What I'm saying is that you were testing if this object inputDataFrameIsPandas is not None and you selected the data to predict on from another object inputDataFrame: inputDataFrameIsPandas is not the same as inputDataFrame

This may be better

    if not inputDataFrame.empty:
        DataH2OFrameToML= h2o.H2OFrame(inputDataFrame.iloc[0:,0:])
    else:
        DataH2OFrameToML = inputDataFrame

    predictionsDataFrame = MLModel.predict(DataH2OFrameToML)
hassan hawilo
@hassanhawilo_gitlab
I see what you mean but the inputDataFrameIsPandas is a boolean variable provided by the user to know which data to load
I have checked the DataH2OFrameToML provided to the predict function it is not empty
and as I said the code works fine if no deeplearning model as submodel in the stackensemble
for exmple we have stackensemble that uses DRF GBM and XGBoost it works fine
but once we introduce the deeplearning model with them it gives this error
hassan hawilo
@hassanhawilo_gitlab
still same error java.lang.ArrayIndexOutOfBoundsException: Index 1684 out of bounds for length 1684
at hex.genmodel.GenModel.setCats(GenModel.java:707)
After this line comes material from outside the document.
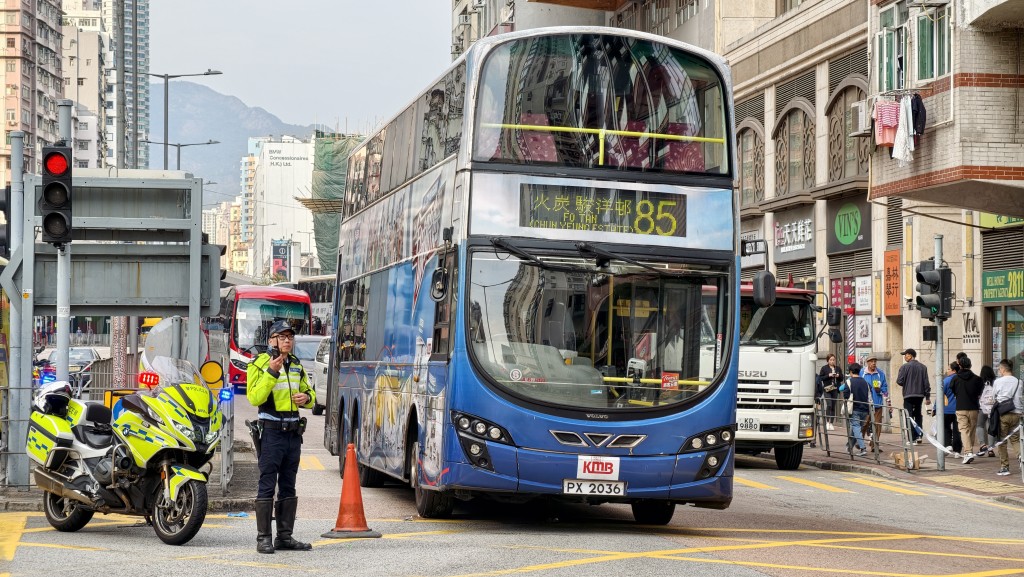 大批警員在場調查。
at hex.genmodel.GenModel.setInput(GenModel.java:686)
at hex.genmodel.algos.deeplearning.DeeplearningMojoModel.score0(DeeplearningMojoModel.java:70)
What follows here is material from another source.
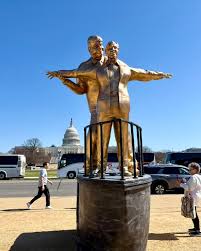 जेफ्री एपस्टीन और ट्रम्प की सैड लव स्टोरी वाली 12 फीट ऊंचा स्टेचू।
at hex.genmodel.algos.deeplearning.DeeplearningMojoModel.score0(DeeplearningMojoModel.java:158)
at hex.genmodel.algos.ensemble.StackedEnsembleMojoModel.score0(StackedEnsembleMojoModel.java:39)
at hex.generic.GenericModel.score0(GenericModel.java:93)
at hex.Model.score0(Model.java:1992)
at hex.Model.score0(Model.java:1959)
at hex.Model$BigScore.score0(Model.java:1903)
at hex.Model$BigScore.map(Model.java:1881)
at water.MRTask.compute2(MRTask.java:675)
at water.H2O$H2OCountedCompleter.compute1(H2O.java:1578)
at hex.Model$BigScore$Icer.compute1(Model$BigScore$Icer.java)
at water.H2O$H2OCountedCompleter.compute(H2O.java:1574)
... 5 more
still I am getting same error check the dataframe passed to the model and same columns as the training dataframe and non of the data is nan
hassan hawilo
@hassanhawilo_gitlab
tried older version of H2O now the error changed to this
java.lang.IllegalArgumentException: Unsupported MOJO model hex.genmodel.algos.deeplearning.DeeplearningMojoModel.
OSError: Job with key $03017f00000132d4ffffffff$_b756f6aab3e7b7d12d531ff7aec345c8 failed with an exception: java.lang.IllegalArgumentException: Unsupported MOJO model hex.genmodel.algos.deeplearning.DeeplearningMojoModel.
stacktrace:
java.lang.IllegalArgumentException: Unsupported MOJO model hex.genmodel.algos.deeplearning.DeeplearningMojoModel.
at hex.generic.Generic$MojoDelegatingModelDriver.computeImpl(Generic.java:91)
at hex.ModelBuilder$Driver.compute2(ModelBuilder.java:222)
at hex.generic.Generic$MojoDelegatingModelDriver.compute2(Generic.java:70)
at water.H2O$H2OCountedCompleter.compute(H2O.java:1443)
at jsr166y.CountedCompleter.exec(CountedCompleter.java:468)
at jsr166y.ForkJoinTask.doExec(ForkJoinTask.java:263)
at jsr166y.ForkJoinPool$WorkQueue.runTask(ForkJoinPool.java:974)
at jsr166y.ForkJoinPool.runWorker(ForkJoinPool.java:1477)
at jsr166y.ForkJoinWorkerThread.run(ForkJoinWorkerThread.java:104)